The future shape of water
Twenty-five metres above the Hurunui River, Hamish Sutton is leaning over the side of a metal cage hanging from a cable. Far below, bobbing on the swiftly flowing waterway is a small boat struggling to stay afloat.
This scene in the north Canterbury hills may look a little precarious, but precise science is under way. Sutton is measuring the flow of the Hurunui River. In the corner of the metal cage a laptop is recording data gathered by an instrument on the boat below that shoots hundreds of acoustic pulses into the water to measure depth and velocity.
Sutton, a NIWA environmental monitoring technician, prides himself on the numbers coming into his laptop. “If you’re not collecting quality data, it’s pretty pointless – it’s easy to forget that out here.”
Sutton’s quality data will be used to build a “rating” of the level and related flow of the Hurunui that will be added to records that began at this spot in the mid-1950s.
These measurements – and others like it all over the region – span monumental change in land use in rural Canterbury. They began before large-scale conversion to dairy farming required vast irrigation schemes. The Amuri scheme, which takes water from the Hurunui, is one of the earlier projects and feeds the now grassy paddocks of the plains.

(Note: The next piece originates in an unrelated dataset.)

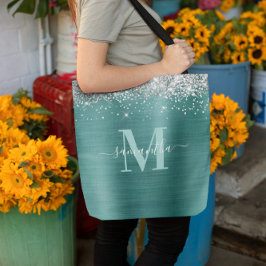 Tote Bag Signature Monogramme Parties scintillant en argent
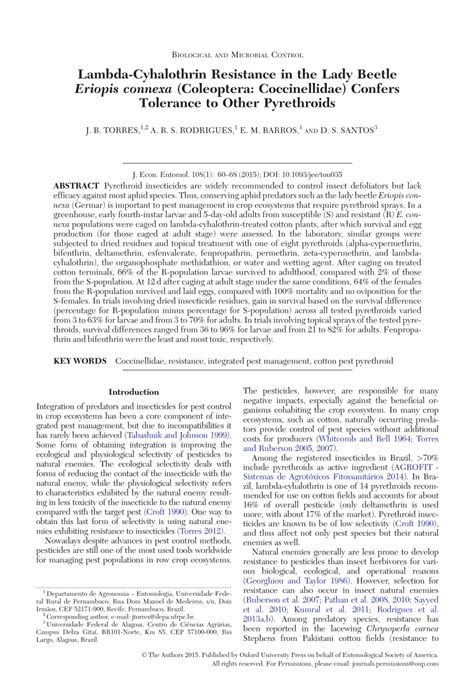 (PDF) Lambda-Cyhalothrin Resistance in the Lady Beetle Eriopis connexa (Coleoptera ...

Knowing the volume of water in a river and how fast it travels to the coast, is a vital step in deciding how that water can be used to provide hydroelectricity or grow crops or grass – or support a plethora of other industries crucial to our economy. Irrigated agriculture alone contributes about $4.8 billion annually to GDP, and accounts for about two-thirds of all water used in New Zealand. However, the demand and supply balance is changing for agriculture, as it is for other industries. Notwithstanding that taking water out of a river also alters its natural flow regime and can have unforeseen consequences elsewhere.
Or, as NIWA’s Chief Scientist for freshwater Dr Scott Larned puts it, solutions can sometimes create problems.

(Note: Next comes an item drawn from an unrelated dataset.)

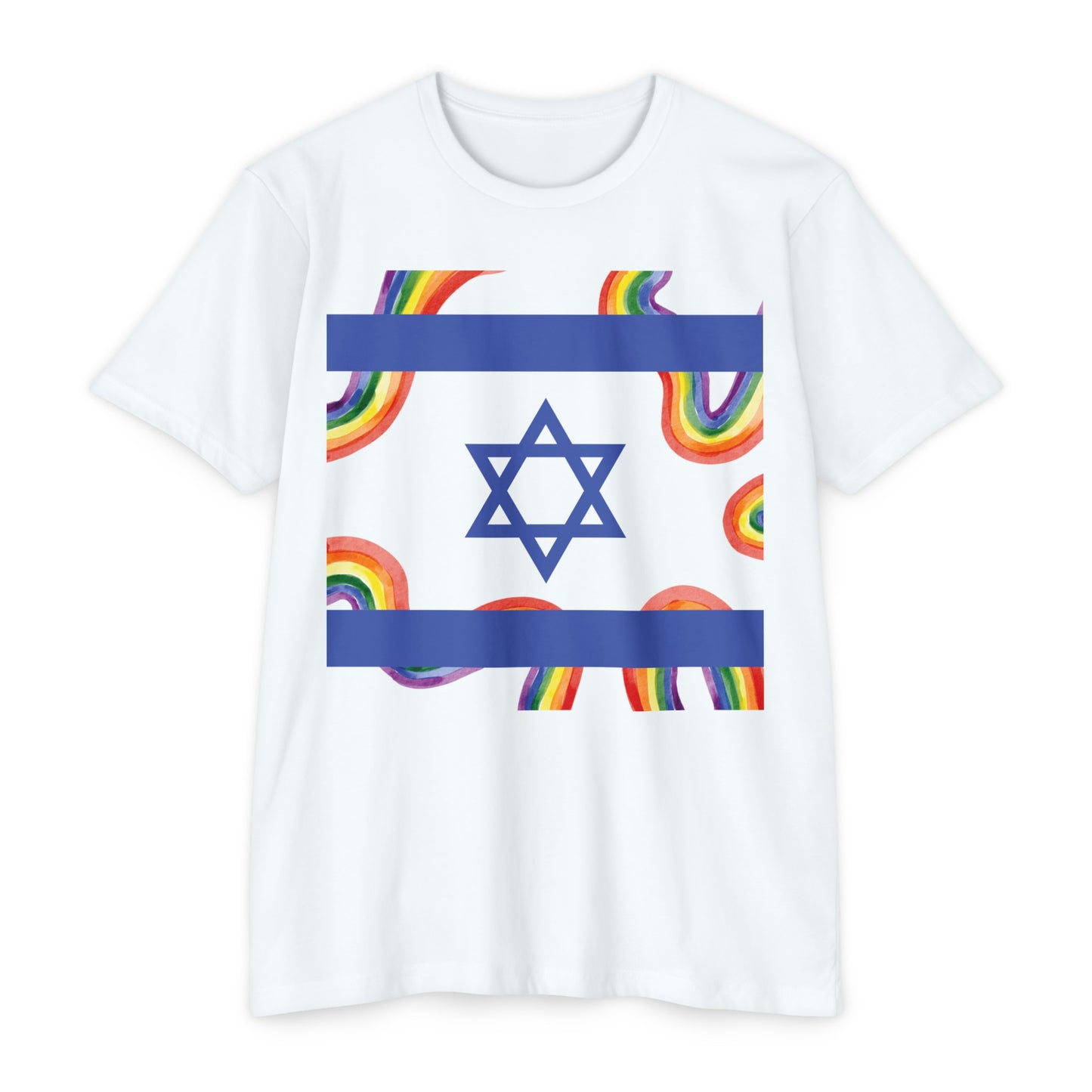 Rainbow Pride Squiggle Israel Flag CVC Jersey T-shirt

“The conventional wisdom is that you harvest flood water in the winter and store it until it’s needed in the summer. However, floods are required to carry gravels to the coastal zone and if there’s not enough gravel, the waves get hungry and start eroding the land. Sure, it’s a solution, but it’s also creating a problem.”
Larned and his team are preoccupied with one question: How much water should we leave in our rivers to maintain their ecological functions versus how much can be taken out for other uses?

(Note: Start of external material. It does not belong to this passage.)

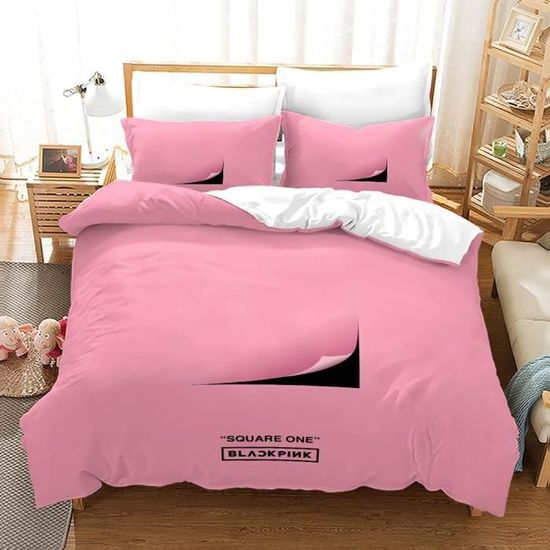 Housse De Couette Black Pink En Microfibre - Parure De Lit Avec Taie D'oreiller - Impression 3D Vibrante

It is a fundamental dilemma which has become more pressing as irrigation schemes and plans to dam or alter rivers have multiplied, at the same time as cultural, social and environmental issues demand more consideration.
Swirling around in the mix is climate change, and what that may mean for the future of the primary sector – and all of us.
To understand New Zealand’s water issues, it is important to note that, comparatively speaking, our rivers are short and steep and have little capacity to store or manipulate flows.
Demand for water continues to grow, yet it is increasingly recognised that appropriate river flow regimes are fundamental to maintaining healthy river systems.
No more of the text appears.